*The task*:
What you return should match the data below exactly, with no pictures in it.

*Supplied data*:
......
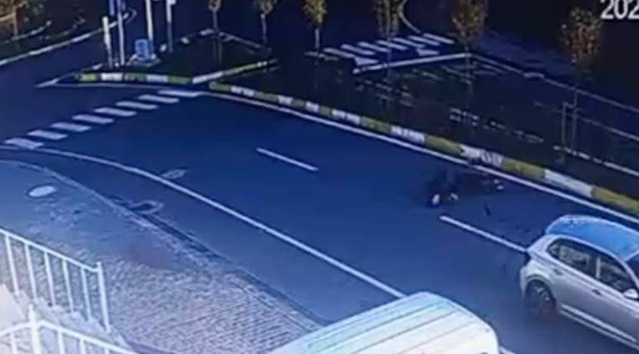 Tekirdağ'da 2 öğretmene çarpan otomobilin görüntüleri çıktı, sürücü tutuklandı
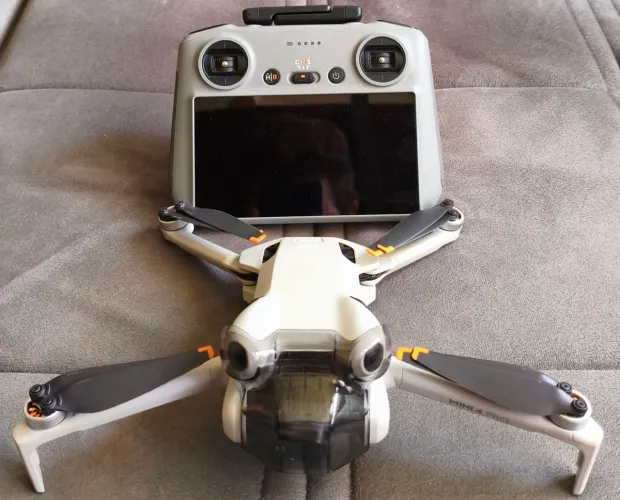 Drone DJI Mini 4 pro Tela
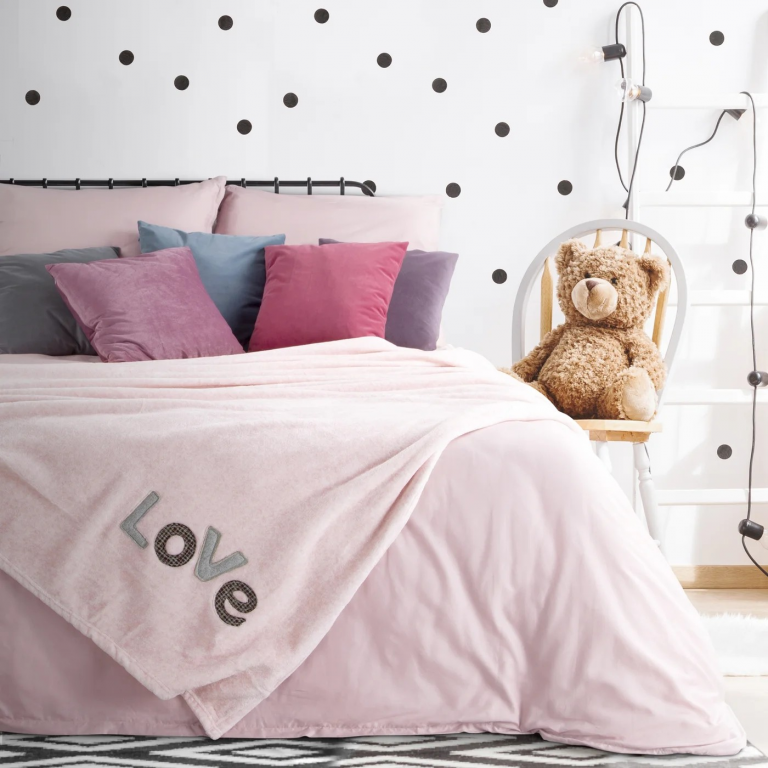Love pink ágytakaró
......
*Written response*:
 Tekirdağ'da 2 öğretmene çarpan otomobilin görüntüleri çıktı, sürücü tutuklandı
 Drone DJI Mini 4 pro Tela
Love pink ágytakaró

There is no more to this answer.